Supplied information ->
· · ·
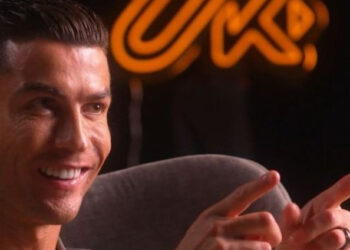 Ronaldo lập kỷ lục khi mở kênh YouTube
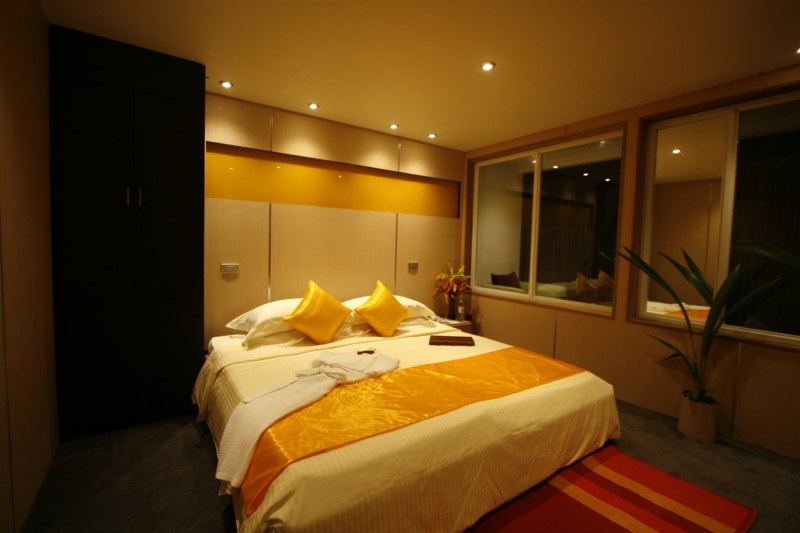 Guest Cabin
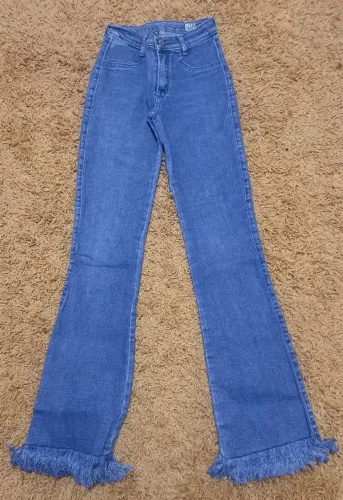 Calça jeans feminina flare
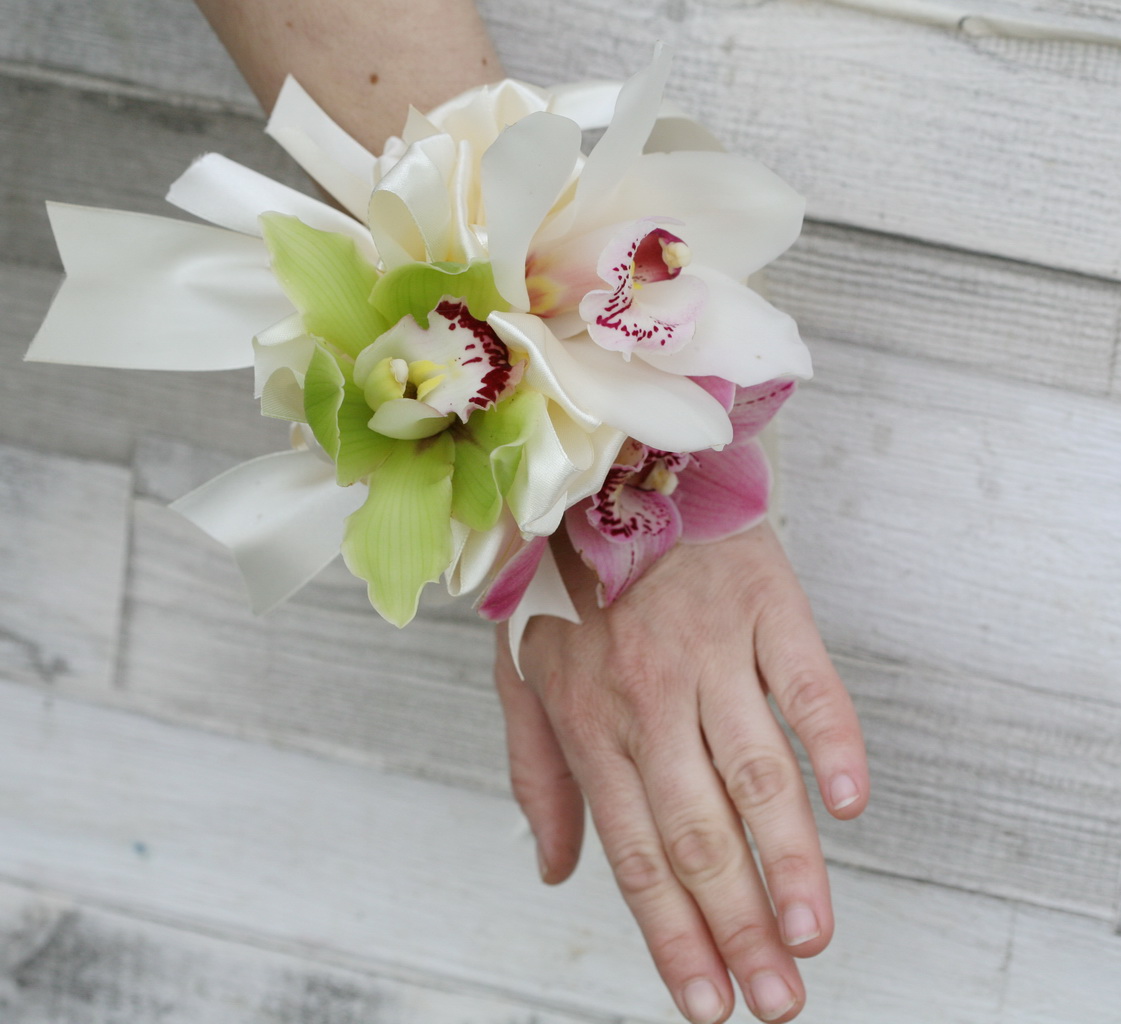 flower delivery Budapest - wrist corsage made of orchids (white, green, pink)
· · ·
Task to carry out -> A word-for-word copy of all the data, without pictures, is the expected output.

Answer to this problem ->
 Ronaldo lập kỷ lục khi mở kênh YouTube
 Guest Cabin
 Calça jeans feminina flare
 flower delivery Budapest - wrist corsage made of orchids (white, green, pink)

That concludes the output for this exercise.